Monday, November 15, 2021

A Youtube Curation: Two Contrasting Conversations

 This post goes out to all those people in radio land who already like long form interviews, podcasts etc.

I don't know about you, but my experience of Youtube, pinterest and other algorithm driven social media is that once I engage with anything I am given the impression of the algorithm that it works on a principle of 'Oh you like x then here's ALL THE x.' and yeah, granted, sometimes like if I listened to a great song on Youtube or saw a great piece of art on Pinterest, what I do want is more variations on the same theme. 

An easy distinction, I feel, is if I am consuming an aesthetic good or an intellectual one. So Pinterest doesn't bother me that much apart from the asymmetry of saving one pin will fill my feed with similar ones, but hiding a BILLION astrology or christianity memes is required to convince it I am not interested in astrology or christianity. Particularly not the pinterest meme versions of those subjects.

Anyway, this preramble is already too long. Point is, when consuming intellectual content - like arguments, long form interviews what I am most interested in and Youtube least likely to proffer to me is a contrary point of view. I would love a feature that was like 'people who hate this love that'

Spoiler - I don't think I've succeeded at creating a manual alternative to piercing algorithmic bubbles. It's a lot of work to find someone to say something that will actually make me reconsider a position I am first persuaded to. What I can curate is the contrast between a conversation that is fascinating and one that is interesting. So I present to you two conversations and I'll put my actual thoughts in a white font below to give you every opportunity to judge these convos for yourself without having me poison the well. You can highlight the white text with your mouse and it will be readable.

I do want to stress though that in curating this, both long form interviews are worth watching. They were worth my time, and if you have the time to dispose on a bit under three hours of content, I feel they may be worth your time. 

Conversation 1:

Conversation 2:

Thoughts in White:

I like this pairing that I would characterize as fascinating vs. interesting. They prompt me to look up definitions, for example 'fascinating' means 'extremely interesting' which would mean that conversatio 1, which I'd describe as 'fascinating' is the superior...but looking at the etymology of 'fascinating' seems more in line with the intuition that drove me to distinguish the two conversations in this way. From the Latin 'fascinum' meaning 'spell' or 'witchcraft' where by contrast the etymology of 'interest' is a bit more complicated~

late Middle English (originally as interess ): from Anglo-Norman French interesse, from Latin interesse ‘differ, be important’, from inter- ‘between’ + esse ‘be’. The (last) -t was added partly by association with Old French interest ‘damage, loss’, apparently from Latin interest ‘it is important’. The original sense was ‘the possession of a share in or a right to something’;

And that's the thing, I find the first conversation to be populated by big ideas that are kind of untethered. Exercises in our imaginasium. The second conversation is tethered it takes a problem and attempts to ground it in 'what are we actually dealing with?' 

In that sense my temptation is to regard the first conversation as 'radical' and the second conversation as 'stoic' which again in turn prompts me to look up the definition of 'radical'

Radical turns out to mean 'of the root' or 'fundamental'  and that's where I get confused. The reason for my confusion is that I would regard the second conversation as also 'radical' in the sense that they are using a scientific method to investigate the roots of the problems of male violence. By contrast, the first conversation I feel I could make the case with confidence exhibits behavior from which it is reasonable to infer a kind of willful ignorance as to what drives the problem.

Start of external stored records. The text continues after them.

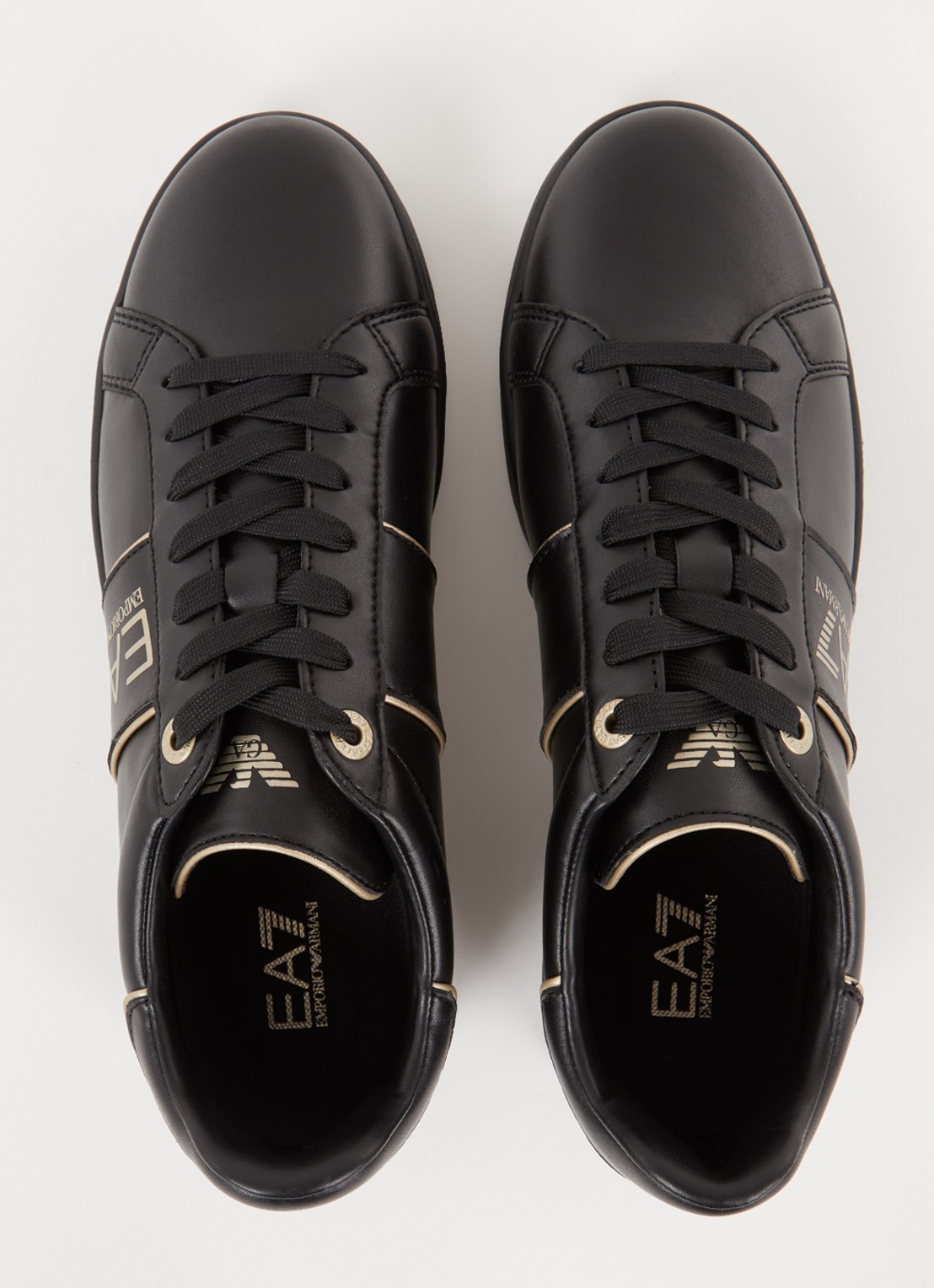 Armani Sneaker van leer met logo - detail 2 zwart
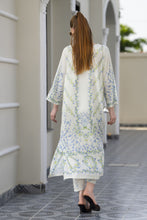 Sakeena Sheen Ivory Blue Floral Printed Poly Raw Silk 2pc Kaftan – SHH5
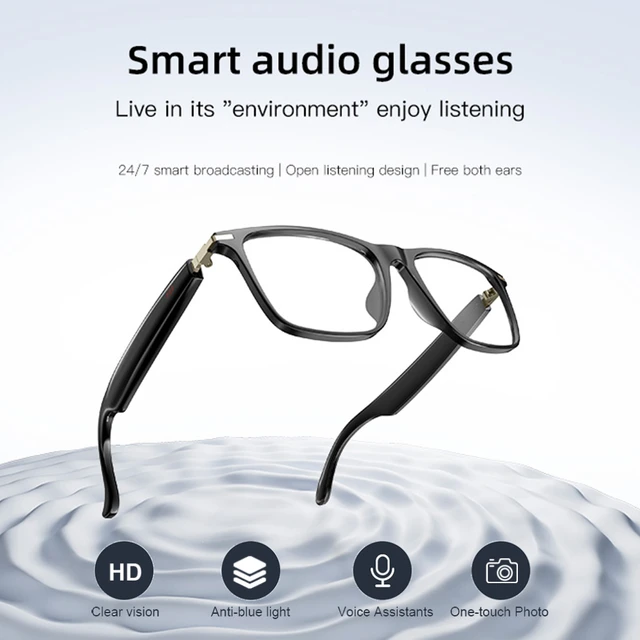 2025 Bluetooth Audio Glasses with Camera Remote Shooting Wearable Smart Eyeglass Call Noise Canceling AI Voice Translate Glasses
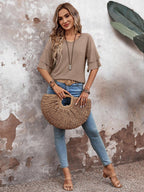 Elegant V-Neck Blouse | Lightweight Fabric with Slight Stretch | Versatile Top for Everyday Wear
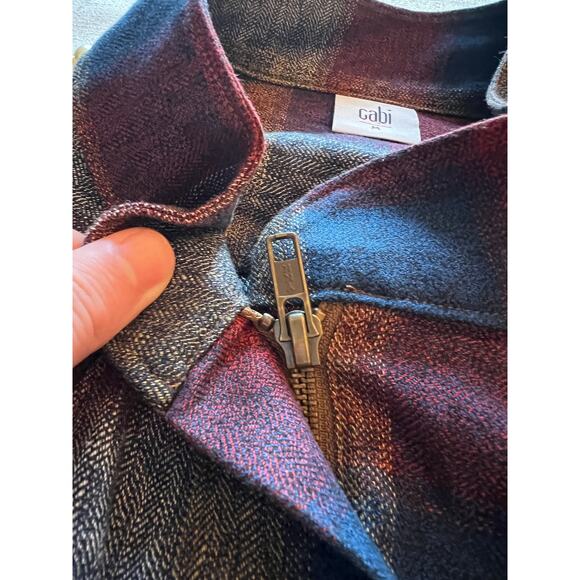 Cabi Collage Flannel Plaid Pearl Embellished Jacket Womens M Full Zip Multicolor - Picture 4 of 15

But, I've tentatively refined my understanding of what 'radical' means when people identify as 'radical' (previously I just let this wash over me) and it does make sense of the meaning of the word - it means people who see the solution as just uprooting everything. I may be employing a kind of confirmation bias but for me this thought shores up my own generalization of the left-wing political camps - those who view history as essentially arbitrary: the world looks as it does for no particular reason, the butterfly effect or something, and as such we could just wipe the slate clean and organize the world in any way we like. Then the other camp I don't have a name for, its certainly aligned with stoicism, methodological naturalism, the scientific method etc. which is that history is non-arbitrary, even if it isn't understood.